REQUIREMENT: A faithful copy of the data below is required, leaving out every picture.

RECORDED DATA:
- - - -

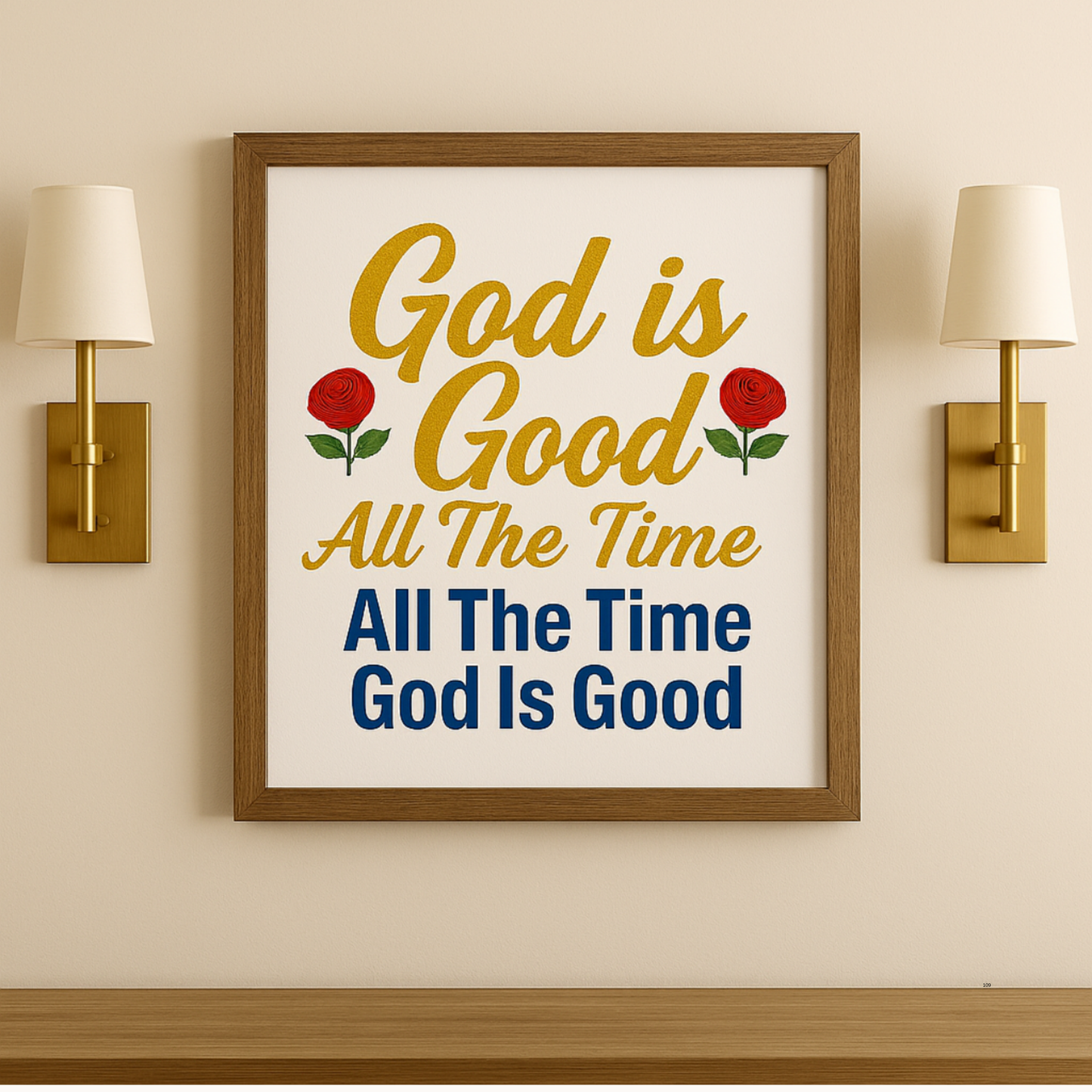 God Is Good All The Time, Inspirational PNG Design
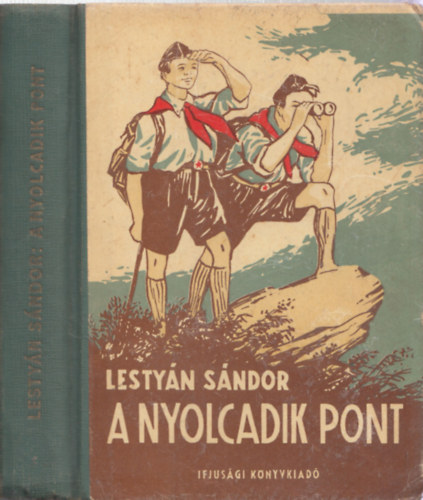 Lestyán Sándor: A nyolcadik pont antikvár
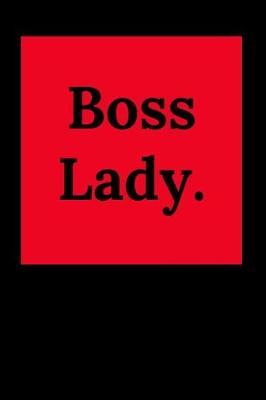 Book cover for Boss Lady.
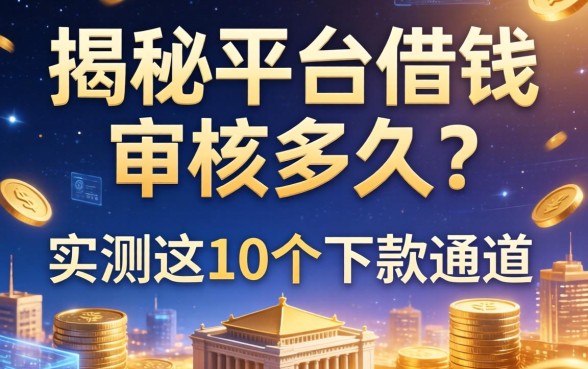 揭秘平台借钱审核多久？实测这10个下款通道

- - - -

FINISHED EXERCISE:
 God Is Good All The Time, Inspirational PNG Design
 Lestyán Sándor: A nyolcadik pont antikvár
 Book cover for Boss Lady.
 揭秘平台借钱审核多久？实测这10个下款通道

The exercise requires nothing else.